BRUSSELS, (Reuters) – European Union officials have proposed removing eight jurisdictions from the blacklist of tax havens the bloc adopted in December, in what critics may see as a blow to its campaign against tax avoidance.
EU states decided last month to draw up the list in a bid to discourage the most aggressive tax dodging practices.
But eight of the 17 jurisdictions currently listed are set to be quickly removed from the list after they offered to change their tax rules, according to EU documents seen by Reuters.
The removal of Bahrain was also initially considered, but its delisting was eventually not recommended, the documents show.
The proposal will be discussed at a meeting of EU ambassadors on Wednesday and is expected to be adopted by EU finance ministers when they meet next week in Brussels for monthly talks.

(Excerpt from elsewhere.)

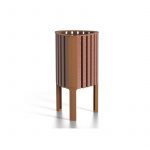 Corbeille GEA en Polymère Recyclé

Jurisdictions set to remain on the blacklist are American Samoa, Bahrain, Guam, the Marshall Islands, Namibia, Palau, Saint Lucia, Samoa, and Trinidad and Tobago.

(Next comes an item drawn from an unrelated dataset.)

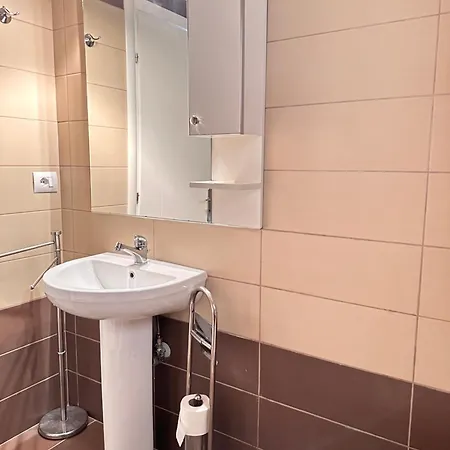 Bay View Апартаменты Саранда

The proposal for the delisting was made by the so-called Code of Conduct Group, which gathers tax experts from the 28 EU member states. It monitors countries’ commitments to abide by EU standards on tax matters.
If the recommendation were confirmed by EU ministers, the eight jurisdictions will be moved to a so-called grey list which includes those who have committed to change their rules on tax transparency and cooperation. The grey list currently includes 47 jurisdictions.
The shrinking of the blacklist is likely to be criticised by tax transparency groups. In December some activists denounced the listing process as a whitewash and had called for the inclusion in the blacklist of some EU countries accused of facilitating tax avoidance, like Luxembourg, Malta, Ireland and the Netherlands.
The recommended removal of Panama may cause particular outcry, as it has been at the centre of one of the largest disclosures of offshore schemes, the so-called Panama Papers.
EU officials have said the purpose of the blacklist is to convince jurisdictions to become more transparent. Having fewer on the list means more countries have committed to changes, they say.